We extracted the first protein chain in each PDB file and the corresponding sequences with less than 80% non-regular amino acids and more than 50 residues. 68953/69861 proteins fulfilled these criteria (99%).
-
We clustered the sequences at 30% identity using MMseqs2 (version f5f780acd64482cd59b46eae0a107f763cd17b4d)23. This is a more stringent cutoff than the 40% identity used in AlphaFold21 to ensure that similar structures are indeed captured within the clusters.
mmseqs easy-cluster examples/DB.fasta clusterRes tmp --min-seq-id 0.3 -c 0.8 --cov-mode 1.
-
4.
This resulted in 5452 clusters with more than one entry (10,116 clusters in total). From the sequence clusters with over one entry, we used TM-align (version f0824499d8ab4fa84b2e75d253de80ab2c894c56)15 to perform pairwise structural alignment of all entries within each cluster. We created structural clusters if the pairwise TM-score ≥0.8. 64,208 out of the 68,953 structures (93%) could be clustered into 6696 structural clusters.
-
5.
We now checked for sequence clusters that have different structural clusters (different conformations) before and after April 30 2018. We obtained 900 putative alternative conformations.
-
6.
To see if these are truly alternative conformations and not a result of sequence variations, we clustered the sequences again on 90% identity using MMseqs2:
mmseqs easy-cluster examples/DB.fasta clusterRes tmp --min-seq-id 0.9 -c 0.8 --cov-mode 1.
-
7.
We obtained 14,662 clusters out of 64,208 sequences in total. About 7806 of the clusters have more than one member and 64 maps to alternative conformations (some with as many as nine different ones).
-
8.
To see if these are truly alternative conformations and not a result of length differences or low resolution, we performed a manual check. We find that some putative alternative conformations are a result of variations in N/C-terminal loops, mutations or disconnected chains (breaks) and such structures were excluded. The manual check resulted in 38 alternative conformations in total.

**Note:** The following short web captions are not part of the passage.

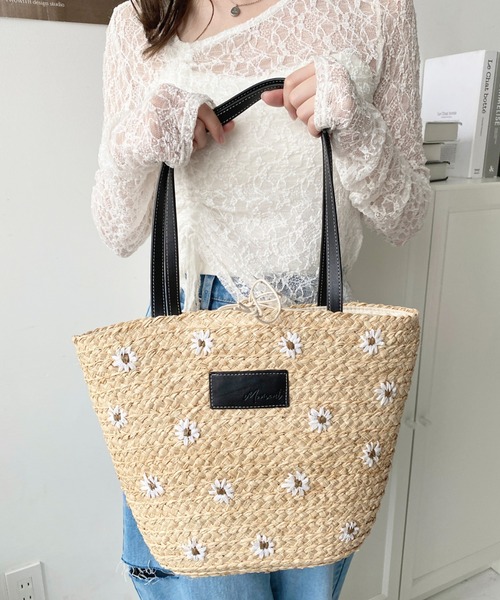 moment+ かごバッグ カゴバッグ フラワー刺繍かごバッグ : ZOZOTOWN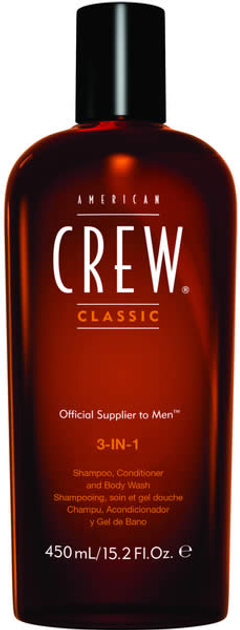 Засіб по догляду за волоссям і тілом American Crew 3-in-1 Shampoo Conditioner And Body Wash 450 мл (738678251416) - зображення 1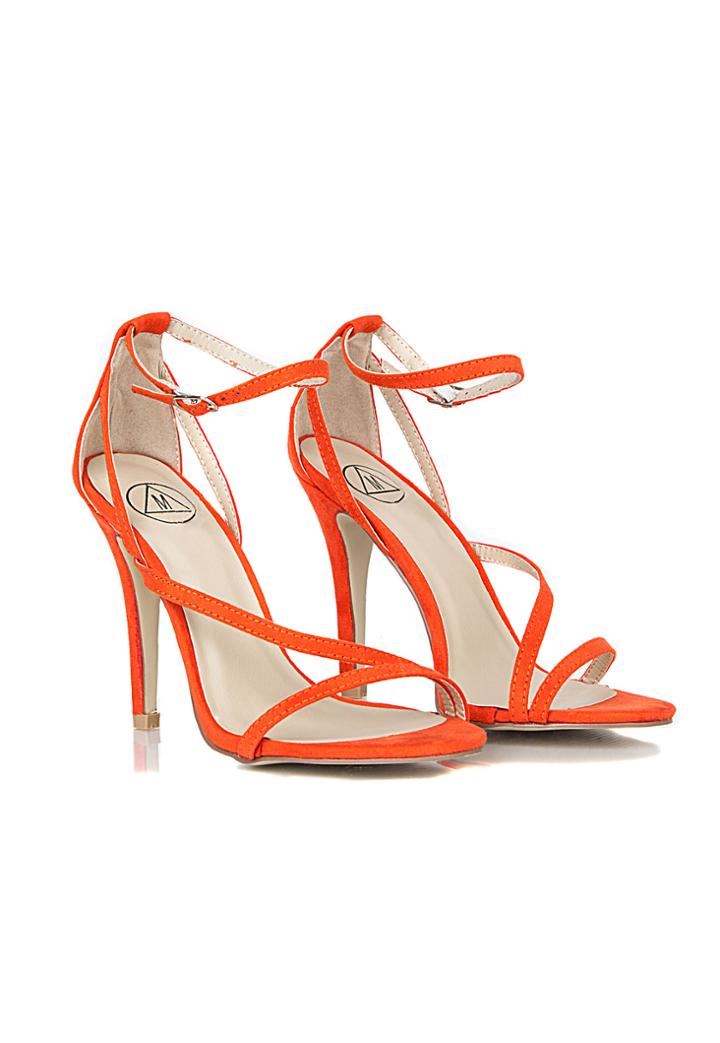 Missguided Orange Faux Suede Strappy Heels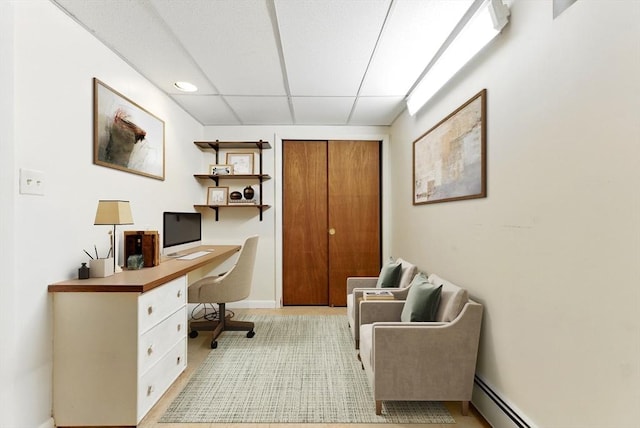19 Mill Rd, Westborough, MA 01581 - office area featuring a drop ceiling, baseboards, and baseboard heating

Proteins with alternative conformations in the PDB
To assess all proteins with alternative conformations from the PDB, we continue from step 4 above using the structural clusters at 0.8 TM-score. We skip step 5 and go directly to step 6 (as no date cutoff is necessary here) to see if these are truly alternative conformations and not a result of sequence variations. Figure 6 shows the entire data selection workflow starting from step 1 above.
After step 6 (clustering at 90% sequence identity), we analyse all sequence clusters at 90% (14,662 clusters) that contain at least two different structural clusters. In total, there are 627 such sequence clusters.
To reduce the number of necessary manual checks, we do pairwise sequence alignment of all sequences within each structural cluster of the 90% sequence clusters. Using these sequence alignments, we extract the corresponding structural areas and perform another structural comparison with TM-align. Only if the structures are still different (TM-score <0.8), do we consider them to be putative alternative conformations.
We obtain 311 such examples that are within the same 90% sequence identity cluster but have aligned sequence regions with corresponding structures that differ >0.2 in TM-score. We select representatives with the longest sequence overlaps and the biggest TM-score difference from each of the structural clusters. We perform a manual check to ensure that the conformations are indeed different and not a result of variable loop regions, low resolution or other experimental differences.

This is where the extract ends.